Beiträge von MetalPirate im Thema „SdJ Kennerspiel des Jahres“

    Liebe Leute, ihr macht euch Probleme...


    In anderen Branchen ist es zum lukrativen Geschäftsmodell geworden, irgendwelche dubiosen Siegel und Auszeichnungen zu verkaufen, oft durch Firmen, die sich "Institut für Sonstwienoch" nennen, denn der Begriff Institut ist nicht geschützt und keineswegs nur für Hochschuleinreichnungen reserviert. Das Ganze läuft dann so, dass der Hersteller immer erstmal vorab Geld bezahlt ("zur Prüfung") und dafür dann irgendwas Werbewirksames aufdrucken darf (mit hoher Wahrscheinlichkeit; eine gewisse Rückweisungsrate muss das "Prüfinstitut" haben, sonst entpuppt sich alles als Farce). Schaut z.B. auf Weinflaschen. Oder irgendwelche beliebten Design-Awards. Jede Einreichung kostet den Hersteller eine ordentliche Stange Geld, garantiert mindestens ein Drittel der eingereichten Produkte wird ausgezeichnet, und das in der Regel relativ gleichverteilt unter allen konkurrierenden Herstellern, die einreichen.
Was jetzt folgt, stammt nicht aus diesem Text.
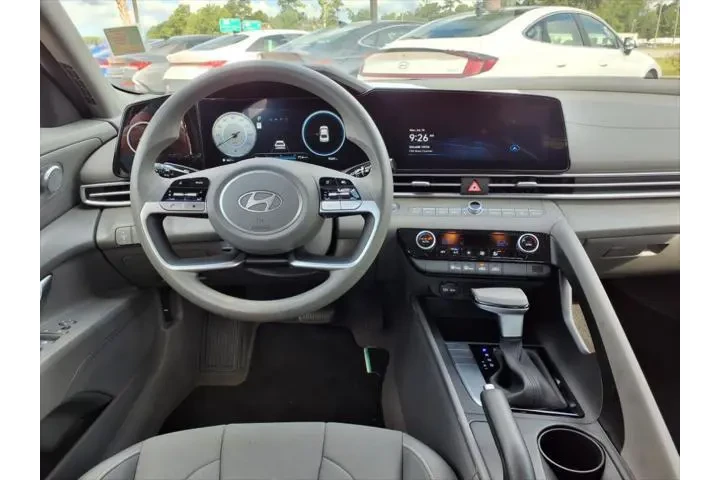 $24990 : Hyundai ELANTRA 2024 SEL 4dr image 7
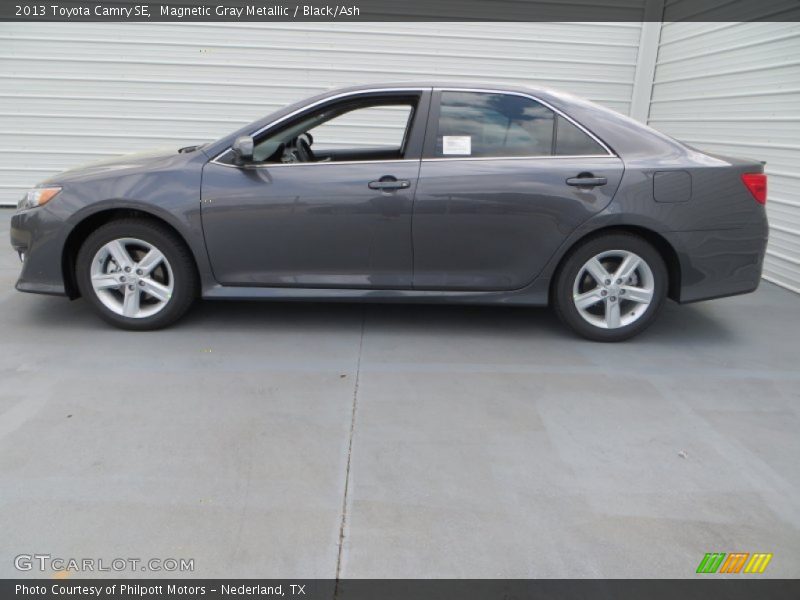 Magnetic Gray Metallic / Black/Ash 2013 Toyota Camry SE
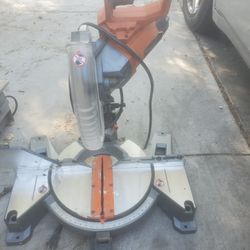 Miter SAW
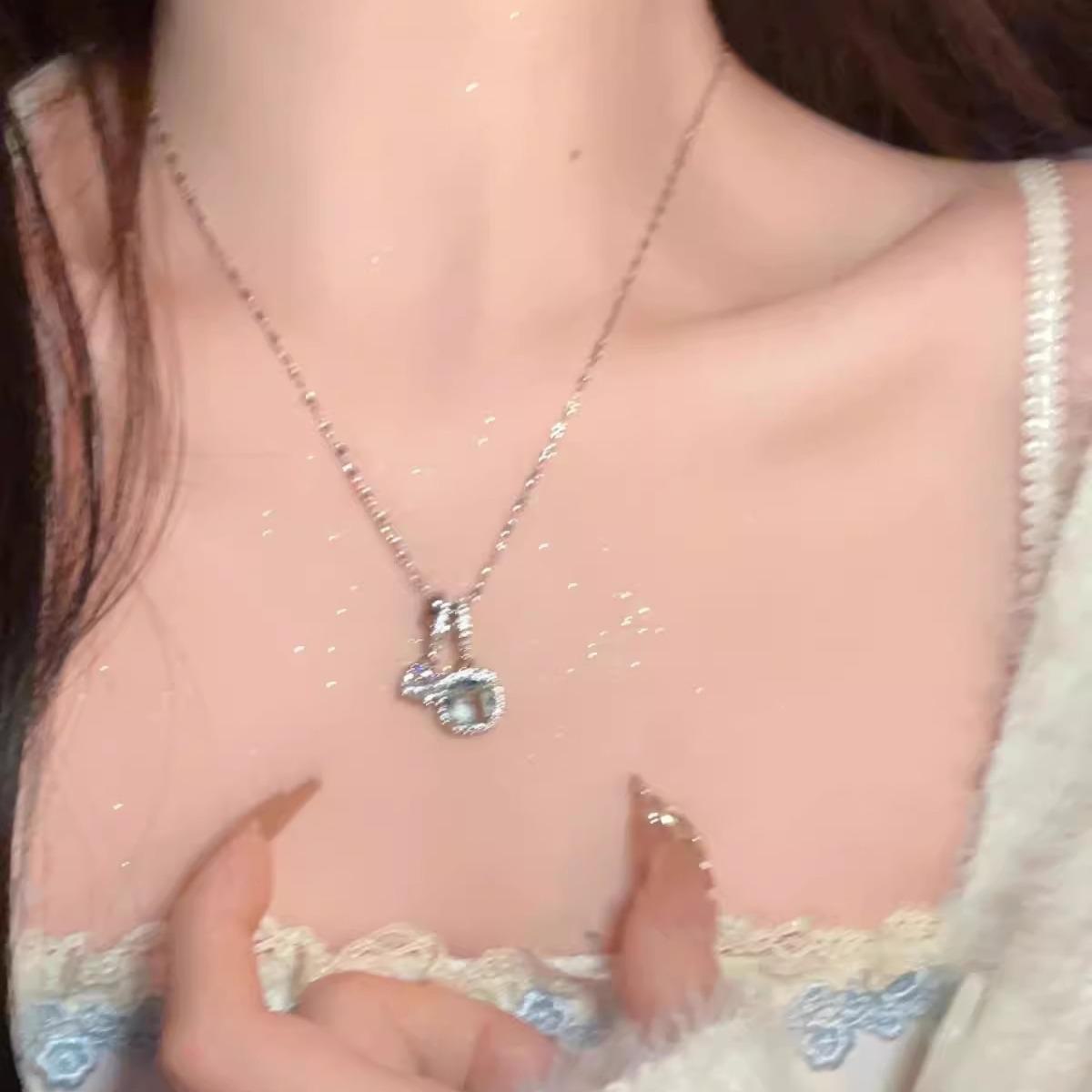 Elegant Blue Zircon Square Necklace - Versatile Clavicle Chain for a Luxurious Touch X1465 серебряный
Elegant Blue Zircon Square Necklace - Versatile Clavicle Chain for a Luxurious Touch X1465 серебряный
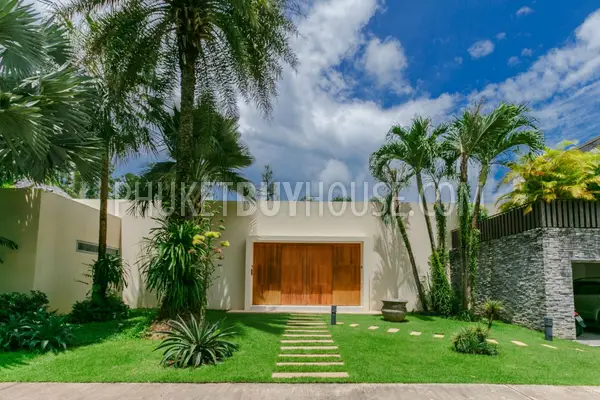 LAY5819: Luxury Five Bedroom Villa in walking distance from the Layan Beach. Photo #40
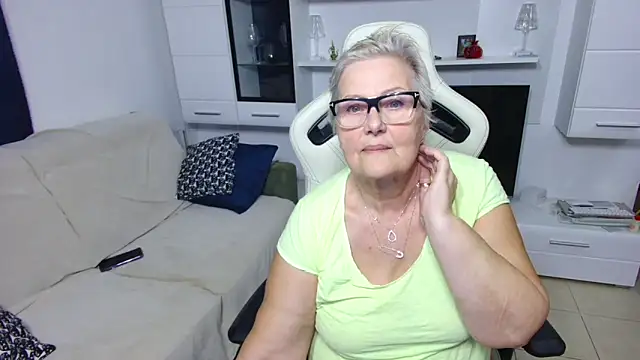Selenna57 online show from 04/19/26, 05:03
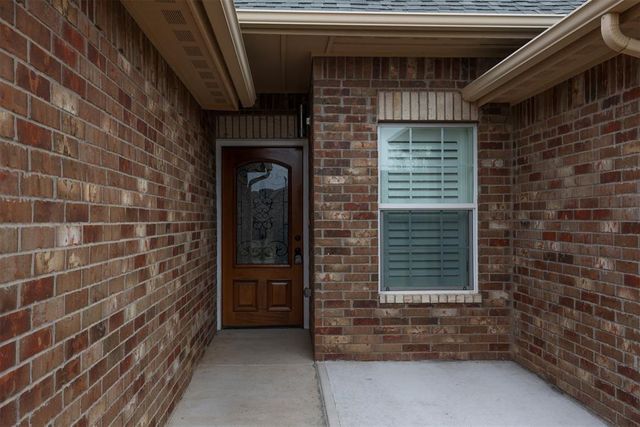 12405 SW 7th Street, Yukon, OK 73099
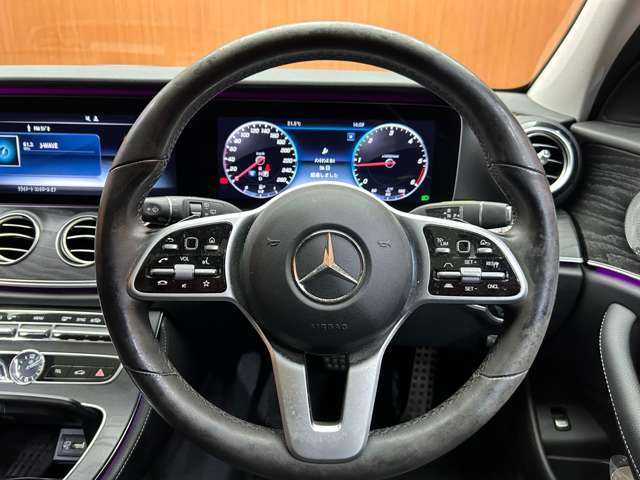 メルセデス・ベンツ Ｅ２２０ｄ 4マチック オールT ローレウスED 千葉県 2020(令2)年 5.3万km イリジウムシルバー パノラマＳＲ　/革シート　/Ｂｕｒｍｅｓｔｅｒサウンド　/ＡＣＣ　/ＨＵＤ　/ナビ　/ＴＶ　/３６０°　/Ｂｌｕｅｔｏｏｔｈ接続　/シートＨ　/ベンチレーション　/電動リアゲート　　/衝突軽減Ｂ　/ＢＳＭ　/ＬＫＡ　/１オーナー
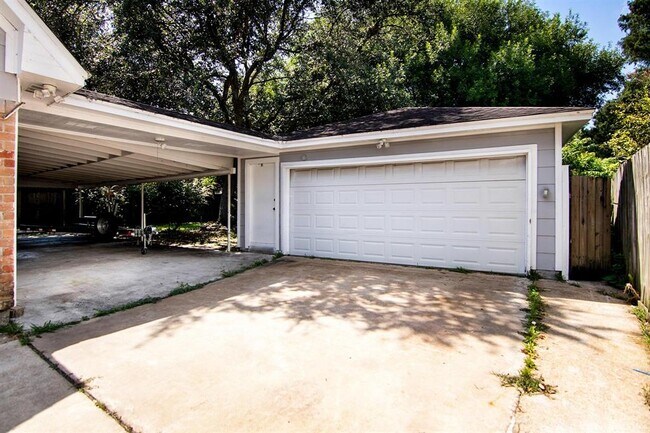 Building Photo - 505 Heathgate Dr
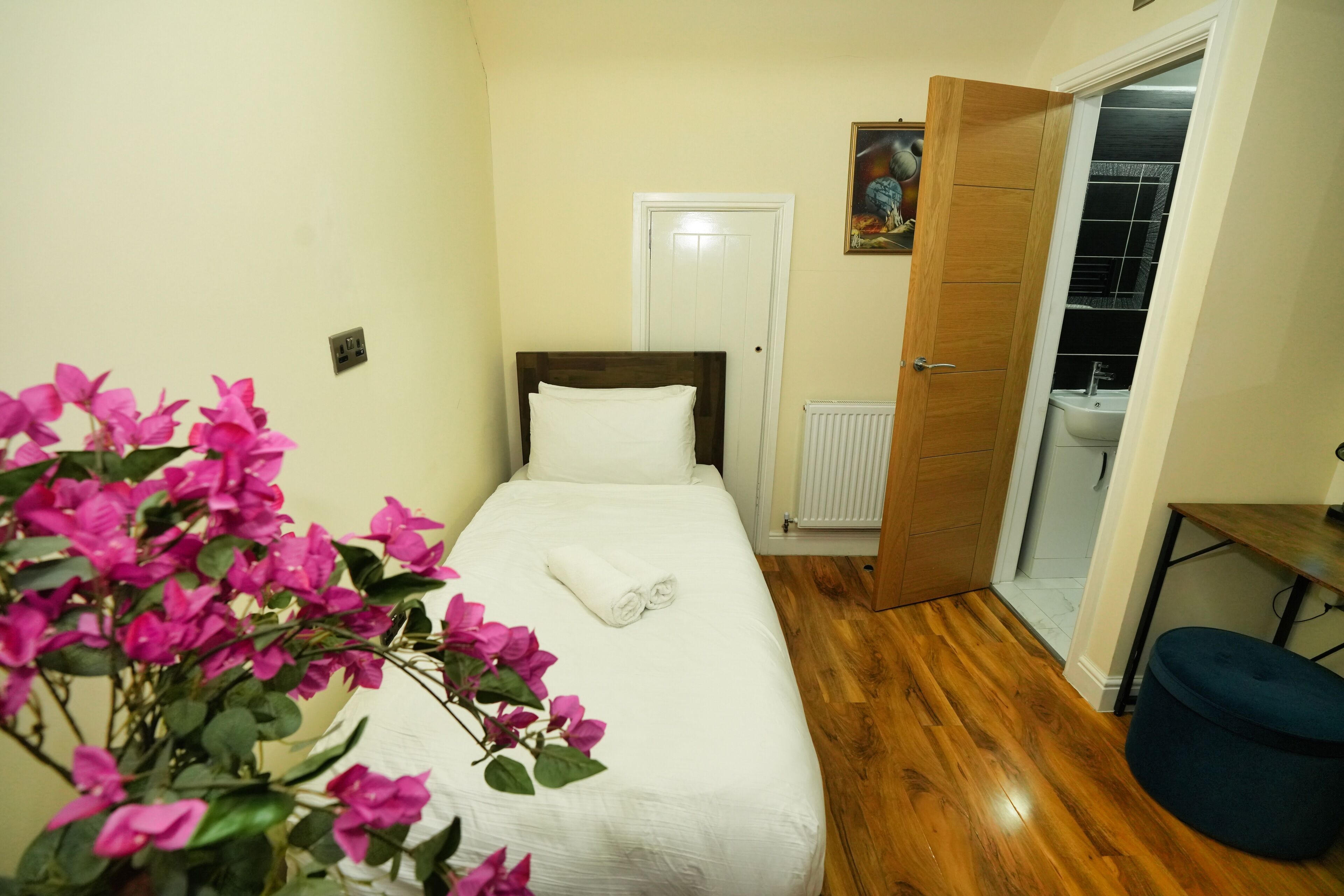 Deluxe Triple Room | Desk, laptop workspace, iron/ironing board, free WiFi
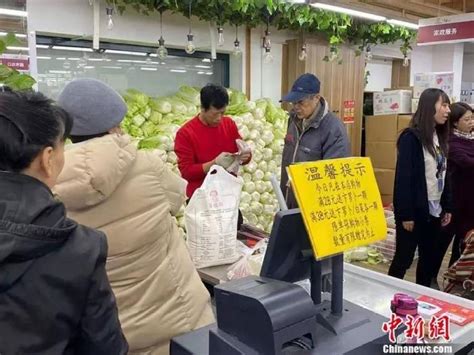 北京新发地市场冬储大白菜集中上市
Super.


    Im Vergleich dazu heißt das "nominiert zum Kennerspielpreis" immerhin, dass es zu den besten drei des Jahrgangs gehört, nominiert durch eine recht unabhängige Jury (bitte jetzt keine Diskussionen über eventuelle persönliche Präferenzen und Abhängigkeiten einzelner Jurymitglieder). Soooo schlecht ist das nicht. Wenn ein Hersteller damit werben will, soll er es ruhig tun. Wie oben erwähnt, kostet es ihn auch ein paar Euros an den Verein "Spiel des Jahres" (optional und nach der Auszeichnung!), was durchaus als gewisse Hürde dienen dürfte.

    In dem angegebenen Link findet sich bei Zielsetzung: "Das 'Kennerspiel des Jahres' soll denjenigen Menschen eine Orientierungshilfe bieten, die schon längere Zeit spielen und Erfahrung beim Erlernen neuer Spiele mitbringen." Bei Beurteilungskriterien ist die "zielgruppengerechte Ausrichtung" des allgemeinen SdJ-Kriterienkatalogs ausdrücklich erwähnt.


    Ich wünsche mir ja gar nicht, dass der KSdJ-Preis automatisch super-komplexe Spiel belohnen soll. Keineswegs. Titel wie Bora Bora, Bruxelles 1983 oder Madeira (um mal im letzten Jahrgang zu bleiben) sind tatsächlich zu "schwergewichtig" für die (K)SdJ-Kriterien. Aber wenn in einer offiziellen Begründung Spiele wie Tzolk'in als zu komplex für KSdJ dargestellt werden, finde ich das schon arg merkwürdig. Wenn die KSdJ-Zielgruppe nicht merklich von der SdJ-Zielgruppe differenziert ist, bräuchte man den separaten Preis mit dem dunkelgrauen Pöppel schließlich nicht.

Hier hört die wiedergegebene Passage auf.